## 104.4 Fibre products

The question we pose here is what should be the fibre product

$\xymatrix{ & ? \ar@{..>}[rd] \ar@{..>}[ld] \\ S \ar[rd]_{(E, f, 0)} & & S' \ar[ld]^{(E', f', 0')} \\ & \mathcal{M}_{1, 1} }$

The answer: A morphism from a scheme $T$ into $?$ should be a triple $(a, a', \alpha )$ where $a : T \to S$, $a' : T \to S'$ are morphisms of schemes and where $\alpha : E \times _{S, a} T \to E' \times _{S', a'} T$ is an isomorphism of elliptic curves over $T$. This makes sense because of our definition of composition and commutative diagrams earlier in the discussion.

Lemma 104.4.1 (Key fact). The functor $\mathit{Sch}^{opp} \to \textit{Sets}$, $T \mapsto \{ (a, a', \alpha )\text{ as above}\}$ is representable by a scheme $S \times _{\mathcal{M}_{1, 1}} S'$.

Proof. Idea of proof.
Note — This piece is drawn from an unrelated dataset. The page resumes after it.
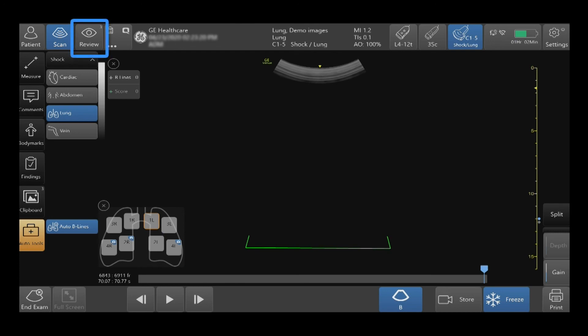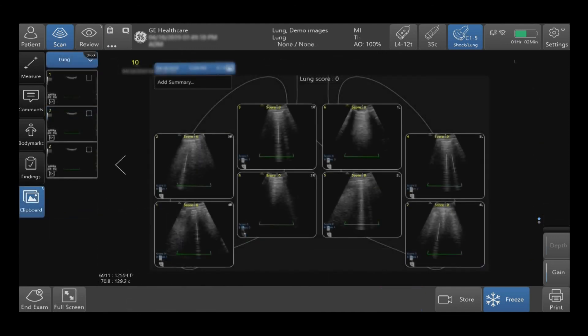To review the lung segments, tap Review at the top of the touch screen. Here you will be able to review all the lung segment images with the B-Line score in a single diagram. If you choose to store the lung diagram as an image, tap Store on the bottom right hand side of the touch screen.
Relate this functor to

$\mathit{Isom}_{S \times S'}(E \times S', S \times E')$

and use Grothendieck's theory of Hilbert schemes. $\square$

Remark 104.4.2. We have the formula $S \times _{\mathcal{M}_{1, 1}} S' = (S \times S') \times _{\mathcal{M}_{1, 1} \times \mathcal{M}_{1, 1}} \mathcal{M}_{1, 1}$. Hence the key fact is a property of the diagonal $\Delta _{\mathcal{M}_{1, 1}}$ of $\mathcal{M}_{1, 1}$.

In any case the key fact allows us to make the following definition.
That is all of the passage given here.